By — Pearson Allyn Bacon Prentice Hall
Updated on Jul 20, 2010

There are a number of instructional interventions that will help children with learning disabilities learn social studies content and master social studies processes (Lewis & Doorlag, 2006; Sheehan & Sibit, 2005; Steele, 2005; Tomlinson, 2001; 2003; Turnbull, Turnbull, & Wehmeyer, 2007). Children with learning disabilities have difficulty in basic psychological processes as evidenced by problems with listening, thinking, speaking, reading, writing, spelling, and mathematical calculations. The primary manifestations of a learning disability are problems with reading and any of a number of other characteristics that may include memory deficits or difficulty with fine motor coordination (Sheehan & Sibit, 2005). Our discussion is limited to children with mild disabilities who are able to function in a “general education” classroom along with children who do not have disabilities. As noted previously, differentiated instruction for children with learning disabilities involves three categories of modifications in how we teach: (a) content, (b) instructional processes, or (c) work products.

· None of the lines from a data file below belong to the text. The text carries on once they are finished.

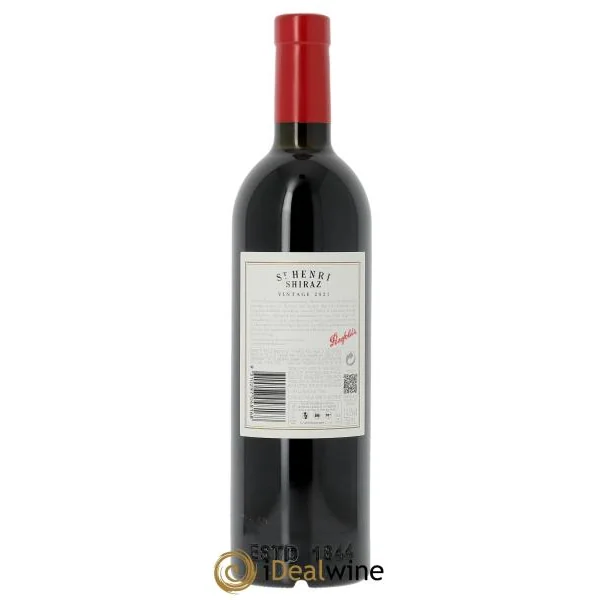 South Australia Penfolds Wines Saint Henri Shiraz (CBO à partir de 6 bts) 2021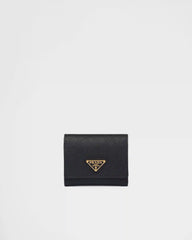 Small Saffiano leather wallet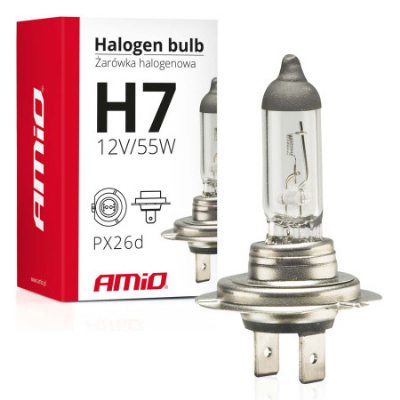 Лампа  H7 12V55W  AM01156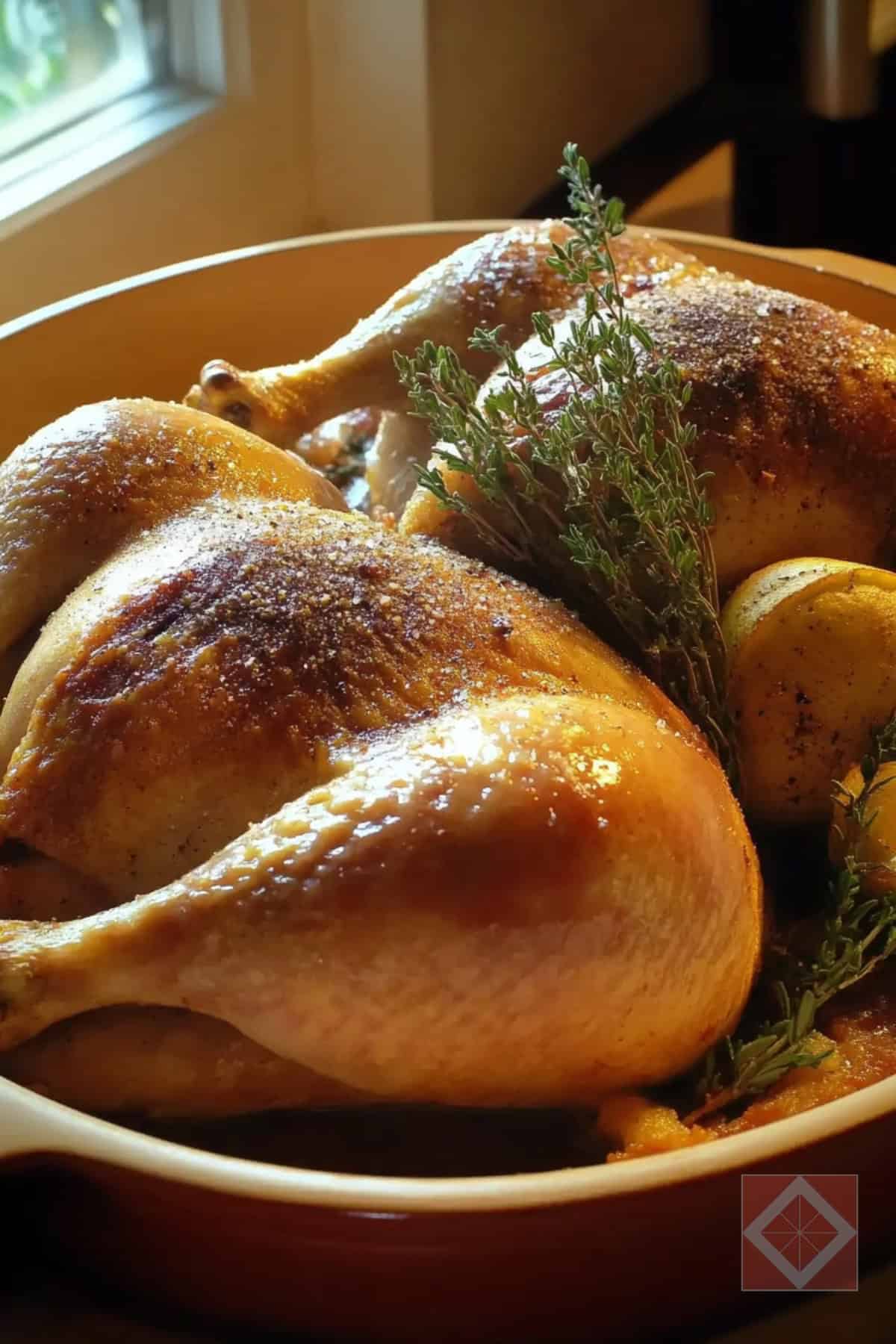 Carnivore-Style Braised Guinea Fowl with Bacon and Herbs 3 Carnivore-Style Braised Guinea Fowl with Bacon and Herbs - Braised Guinea Fowl pin 1 midia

Modifications in Curricular Content

One option for teachers working with children with learning disabilities is to make changes in the content such students are expected to learn. Caution is in order here. We are not talking about “watering down” the curriculum, our goal is to have children with learning disabilities meet the same standards as other students. Two interventions will help. These are as follows:

Divide material into small, manageable units

Teachers can look at what we expect students to learn and consider presenting it in smaller units or “chunks.” In this section, all instructional examples come from a fifth-grade unit on the American Revolution of 1775. In such a unit, a single lesson could cover the three causes of the Revolution (results of the Seven Years’ War, oppressive taxation, and colonial unity). This topic could be broken into small units, and for children with learning disabilities, the teacher could plan additional, separate “mini-lessons” on each cause.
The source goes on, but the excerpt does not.